If you're struggling to find food, you might try looking in a new place or perhaps setting a trap. You probably wouldn't tie your body into a knot.

But that's what one species of moray eel has been filmed doing.

Shanta Barley of the University of Western Australia in Perth and her colleagues were studying moray eels on the Scott Reefs off the north-west coast of Australia.

They lowered two video cameras on a metal frame into the water. The frame also carried a plastic mesh bag containing 1kg of pilchards, to lure meat-eating fish.

A fimbriated moray eel approached the bag and tried to eat the pilchards. After struggling with it for a little while, it grabbed the bag with its teeth and tied its "tail" region into a loose knot.
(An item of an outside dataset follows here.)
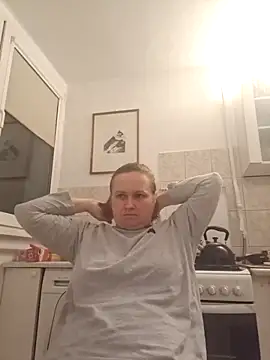 She-devilx online show from December 2024 09:26:02 PM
Next the eel pushed the knot along its body so that it struck the bait bag. It did this repeatedly.

Barley says it was probably trying to dislodge the pilchards with the force of the impacts, and that tying its body into a knot allowed it to concentrate all its force on one spot.

The findings have been published in the journal Marine Biodiversity.

Several other species of moray eel have been observed to tie themselves in knots, but for different reasons. In some cases they may be trying to squash pieces of food that would otherwise be too large to swallow.

Barley's team also saw a second species, a honeycomb moray eel, take an unusual approach to the bag of food.

The moray grabbed the bag with its mouth, then used its tail as a paddle to push water towards the bag. This seems to have provided it with extra leverage, twisting its body hard enough to rip the bag open.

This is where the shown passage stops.